Open In Colab

Decision Tree

Important Considerations

PROS

CONS

Easy to visualize and Interpret

Prone to overfitting

No normalization of Data Necessary

Ensemble needed for better performance

Handles mixed feature types

Iris Example

Use measurements to predict species

Iris Example Use measurements to predict species

%matplotlib inline
import matplotlib.pyplot as plt
from sklearn.datasets import load_iris
from sklearn import tree
from sklearn.datasets import load_iris
from sklearn.tree import DecisionTreeClassifier
from sklearn.model_selection import train_test_split
import seaborn as sns
iris = sns.load_dataset('iris')
iris.head()
sepal_length sepal_width petal_length petal_width species
0 5.1 3.5 1.4 0.2 setosa
1 4.9 3.0 1.4 0.2 setosa
2 4.7 3.2 1.3 0.2 setosa
3 4.6 3.1 1.5 0.2 setosa
4 5.0 3.6 1.4 0.2 setosa
#split the data
iris = load_iris()
X_train, X_test, y_train, y_test = train_test_split(iris.data, iris.target)
len(X_test)
38
#load classifier
classifier = tree.DecisionTreeClassifier()
#fit train data
classifier = classifier.fit(X_train, y_train)
#examine score
classifier.score(X_train, y_train)
1.0
#against test set
classifier.score(X_test, y_test)
0.9210526315789473

How would specific flower be classified?

If we have a flower that has:

  • Sepal.Length = 1.0

  • Sepal.Width = 0.3

  • Petal.Length = 1.4

  • Petal.Width = 2.1

classifier.predict_proba([[1.0, 0.3, 1.4, 2.1]])
array([[0., 0., 1.]])
#cross validation
from sklearn.model_selection import cross_val_score
cross_val_score(classifier, X_train, y_train, cv=10)
array([0.83333333, 0.91666667, 0.90909091, 1.        , 0.90909091,
       0.90909091, 1.        , 1.        , 0.72727273, 1.        ])

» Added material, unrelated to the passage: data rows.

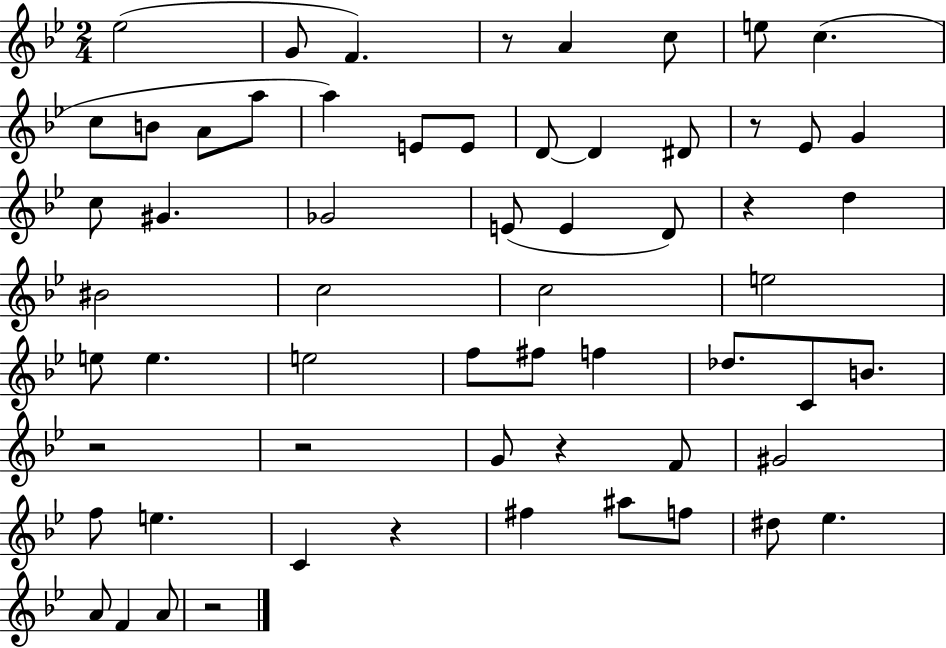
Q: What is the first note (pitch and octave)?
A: Eb5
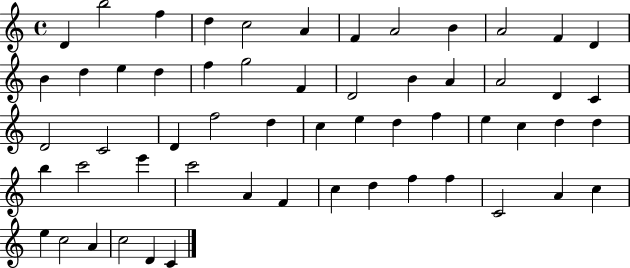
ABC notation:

X:1
T:Untitled
M:4/4
L:1/4
K:C
D b2 f d c2 A F A2 B A2 F D B d e d f g2 F D2 B A A2 D C D2 C2 D f2 d c e d f e c d d b c'2 e' c'2 A F c d f f C2 A c e c2 A c2 D C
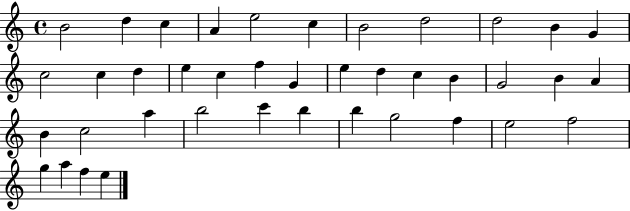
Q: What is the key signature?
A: C major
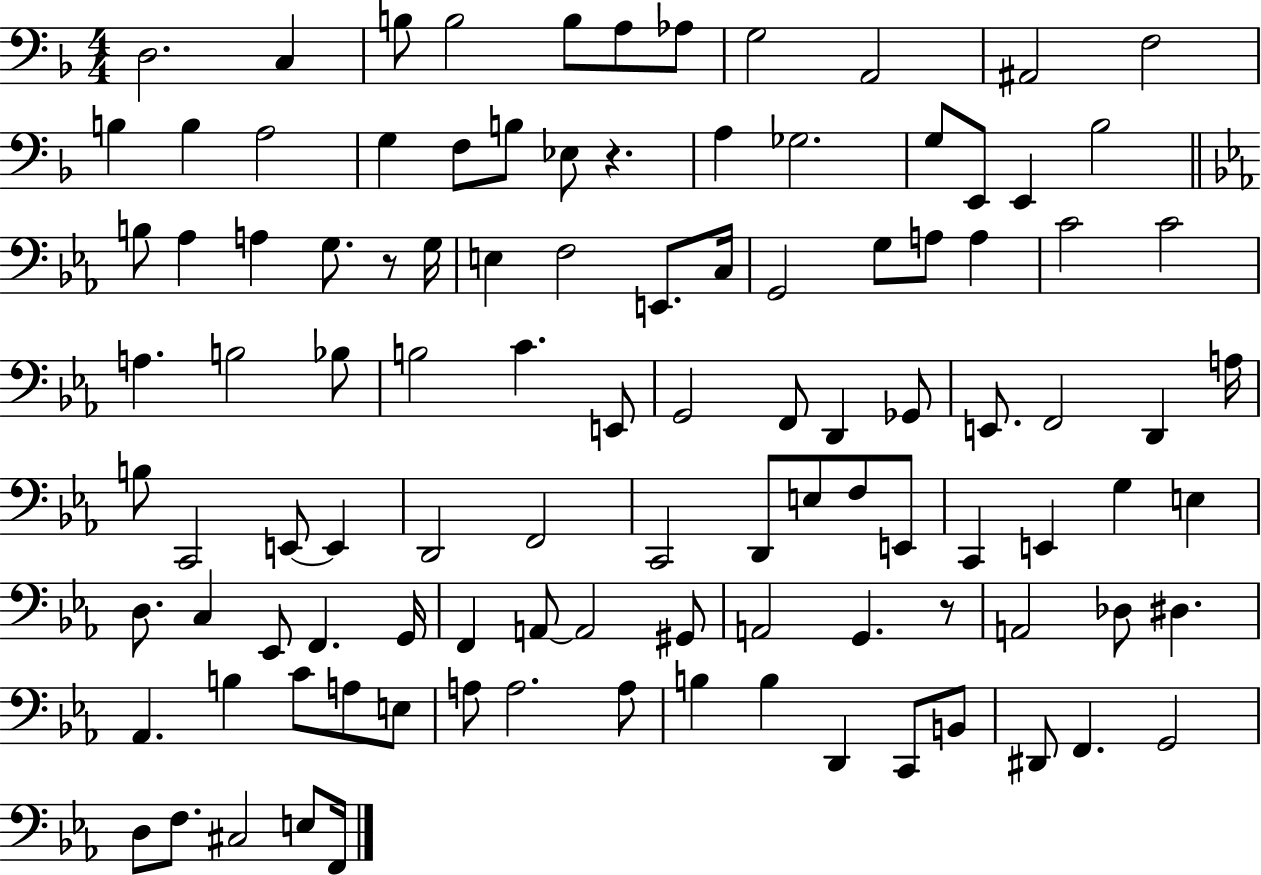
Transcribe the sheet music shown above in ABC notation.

X:1
T:Untitled
M:4/4
L:1/4
K:F
D,2 C, B,/2 B,2 B,/2 A,/2 _A,/2 G,2 A,,2 ^A,,2 F,2 B, B, A,2 G, F,/2 B,/2 _E,/2 z A, _G,2 G,/2 E,,/2 E,, _B,2 B,/2 _A, A, G,/2 z/2 G,/4 E, F,2 E,,/2 C,/4 G,,2 G,/2 A,/2 A, C2 C2 A, B,2 _B,/2 B,2 C E,,/2 G,,2 F,,/2 D,, _G,,/2 E,,/2 F,,2 D,, A,/4 B,/2 C,,2 E,,/2 E,, D,,2 F,,2 C,,2 D,,/2 E,/2 F,/2 E,,/2 C,, E,, G, E, D,/2 C, _E,,/2 F,, G,,/4 F,, A,,/2 A,,2 ^G,,/2 A,,2 G,, z/2 A,,2 _D,/2 ^D, _A,, B, C/2 A,/2 E,/2 A,/2 A,2 A,/2 B, B, D,, C,,/2 B,,/2 ^D,,/2 F,, G,,2 D,/2 F,/2 ^C,2 E,/2 F,,/4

How important are different features?

  1. List item

  2. List item

#list of feature importance
classifier.feature_importances_
array([0.03579418, 0.        , 0.42226156, 0.54194426])
importance = classifier.feature_importances_
plt.bar(['Sepal Length', 'Sepal Width', 'Petal Length', 'Petal Width'], importance)
<BarContainer object of 4 artists>
../../_images/decision_tree_18_1.png

Visualizing Decision Tree

%%capture
!pip install --upgrade scikit-learn==0.20.3 pydotplus
from sklearn.externals.six import StringIO  
from IPython.display import Image  
from sklearn.tree import export_graphviz
import pydotplus

dot_data = StringIO()
export_graphviz(classifier, out_file=dot_data,  filled=True, rounded=True, special_characters=True)
graph = pydotplus.graph_from_dot_data(dot_data.getvalue())  
Image(graph.create_png())
../../_images/decision_tree_21_0.png

What’s Happening with Decision Tree

import seaborn as sns
iris = sns.load_dataset('iris')
sns.pairplot(data = iris, hue = 'species');
../../_images/decision_tree_23_0.png

Pre-pruning: Avoiding Over-fitting

  • max_depth: limits depth of tree

  • max_leaf_nodes: limits how many leafs

  • min_samples_leaf: limits splits to happen when only certain number of samples exist

classifier = DecisionTreeClassifier(max_depth = 1).fit(X_train, y_train)
classifier.score(X_train, y_train)
0.6607142857142857
classifier.score(X_test, y_test)
0.6842105263157895
dot_data = StringIO()
export_graphviz(classifier, out_file=dot_data,  filled=True, rounded=True, special_characters=True)
graph = pydotplus.graph_from_dot_data(dot_data.getvalue())  
Image(graph.create_png())
../../_images/decision_tree_28_0.png
classifier = DecisionTreeClassifier(max_depth = 2).fit(X_train, y_train)
classifier.score(X_train, y_train)
0.9642857142857143
classifier.score(X_test, y_test)
0.9210526315789473
dot_data = StringIO()
export_graphviz(classifier, out_file=dot_data,  filled=True, rounded=True, special_characters=True)
graph = pydotplus.graph_from_dot_data(dot_data.getvalue())  
Image(graph.create_png())
../../_images/decision_tree_32_0.png
classifier = DecisionTreeClassifier(max_depth = 3).fit(X_train, y_train)
classifier.score(X_train, y_train)
0.9642857142857143
classifier.score(X_test, y_test)
0.9210526315789473

Confusion Matrix

from sklearn.metrics import classification_report
import sklearn.metrics
from sklearn.metrics import confusion_matrix

classifier=classifier.fit(X_train,y_train)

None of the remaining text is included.